======== The data ========

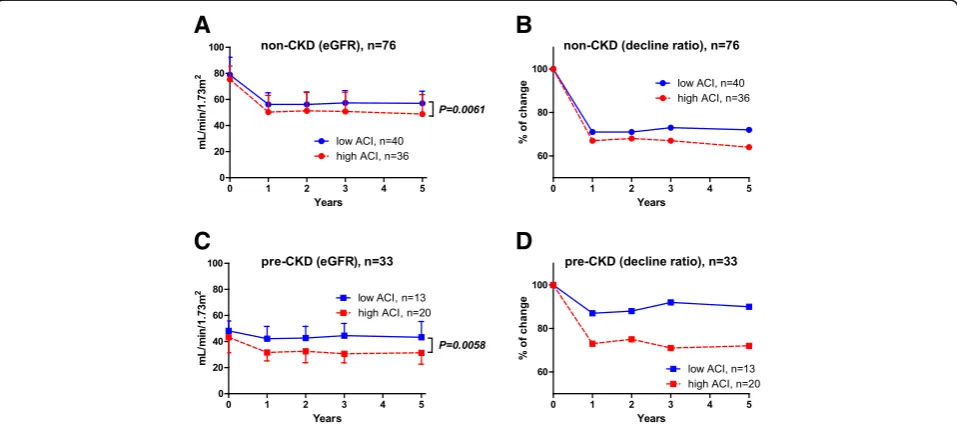 Fig. 2 Renal function compared in patients with low and high ACI in non-CKD and pre-CKD groups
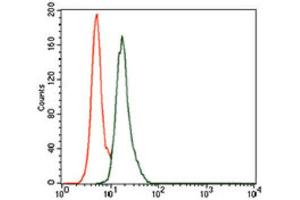 Flow Cytometry (FACS) image for anti-BPI Fold Containing Family A, Member 2 (BPIFA2) (AA 16-250) antibody (ABIN1845120) (BPIFA2 antibody  (AA 16-250))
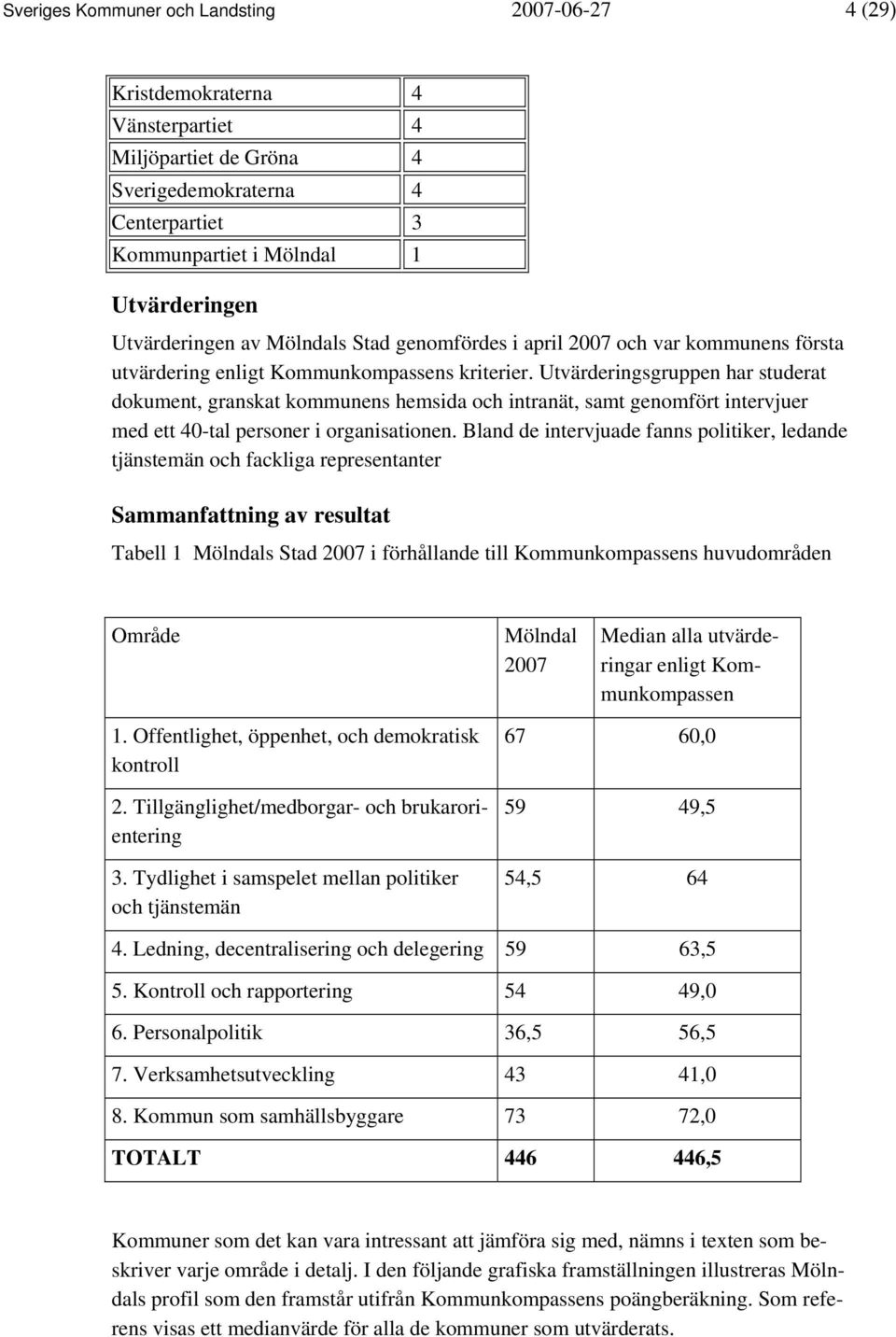 Utvärderingsgruppen har studerat dokument, granskat kommunens hemsida och intranät, samt genomfört intervjuer med ett 40-tal personer i organisationen.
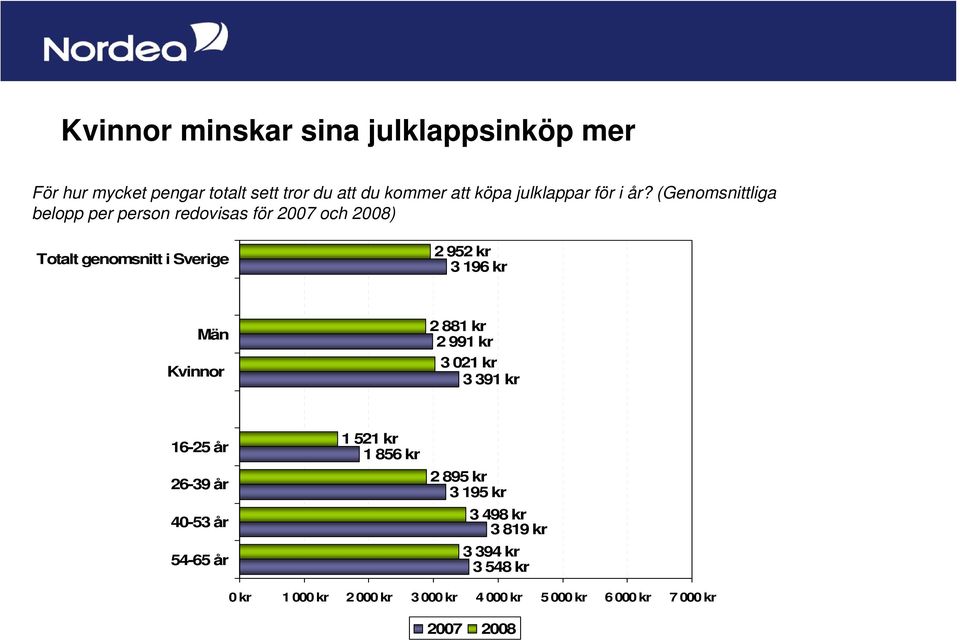 (Genomsnittliga belopp per person redovisas för 2007 och 2008) Totalt genomsnitt i Sverige 2 952 kr 3 196 kr Män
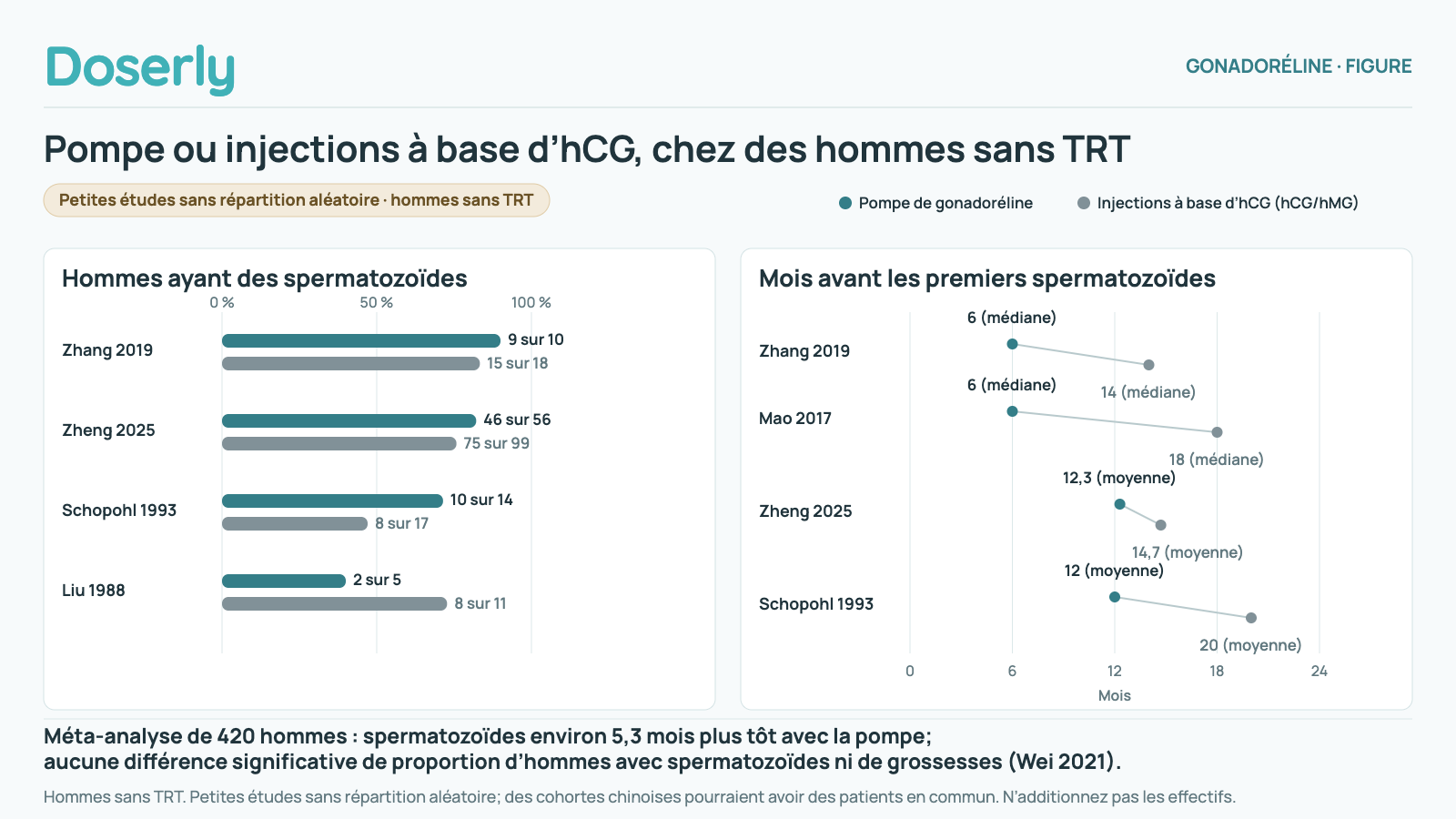 Deux panneaux qui comparent la pompe de gonadoréline aux injections à base d’hCG chez des hommes ayant une LH et une FSH basses congénitales, sans TRT. Hommes ayant des spermatozoïdes : Zhang 2019, 9 sur 10 avec la pompe et 15 sur 18 avec les injections à base d’hCG; Zheng 2025, 46 sur 56 et 75 sur 99; Schopohl 1993, 10 sur 14 et 8 sur 17; Liu 1988, 2 sur 5 et 8 sur 11. Mois avant les premiers spermatozoïdes : Zhang 2019, médiane de 6 avec la pompe et de 14 avec les injections; Mao 2017, médiane de 6 et de 18; Zheng 2025, moyenne de 12,3 et de 14,7; Schopohl 1993, 12 (moyenne) et 20 (moyenne). Une méta-analyse portant sur 420 hommes a constaté que les spermatozoïdes apparaissaient environ 5,3 mois plus tôt avec la pompe, sans différence significative quant à la proportion d’hommes produisant des spermatozoïdes ni quant aux grossesses. Petites études sans répartition aléatoire; certaines cohortes chinoises pourraient avoir des patients en commun.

========

# What is expected:
Please print everything in the material exactly, apart from the pictures.

# Answer section:
 Fig. 2 Renal function compared in patients with low and high ACI in non-CKD and pre-CKD groups
 Flow Cytometry (FACS) image for anti-BPI Fold Containing Family A, Member 2 (BPIFA2) (AA 16-250) antibody (ABIN1845120) (BPIFA2 antibody  (AA 16-250))
 Utvärderingsgruppen har studerat dokument, granskat kommunens hemsida och intranät, samt genomfört intervjuer med ett 40-tal personer i organisationen.
 (Genomsnittliga belopp per person redovisas för 2007 och 2008) Totalt genomsnitt i Sverige 2 952 kr 3 196 kr Män
 Deux panneaux qui comparent la pompe de gonadoréline aux injections à base d’hCG chez des hommes ayant une LH et une FSH basses congénitales, sans TRT. Hommes ayant des spermatozoïdes : Zhang 2019, 9 sur 10 avec la pompe et 15 sur 18 avec les injections à base d’hCG; Zheng 2025, 46 sur 56 et 75 sur 99; Schopohl 1993, 10 sur 14 et 8 sur 17; Liu 1988, 2 sur 5 et 8 sur 11. Mois avant les premiers spermatozoïdes : Zhang 2019, médiane de 6 avec la pompe et de 14 avec les injections; Mao 2017, médiane de 6 et de 18; Zheng 2025, moyenne de 12,3 et de 14,7; Schopohl 1993, 12 (moyenne) et 20 (moyenne). Une méta-analyse portant sur 420 hommes a constaté que les spermatozoïdes apparaissaient environ 5,3 mois plus tôt avec la pompe, sans différence significative quant à la proportion d’hommes produisant des spermatozoïdes ni quant aux grossesses. Petites études sans répartition aléatoire; certaines cohortes chinoises pourraient avoir des patients en commun.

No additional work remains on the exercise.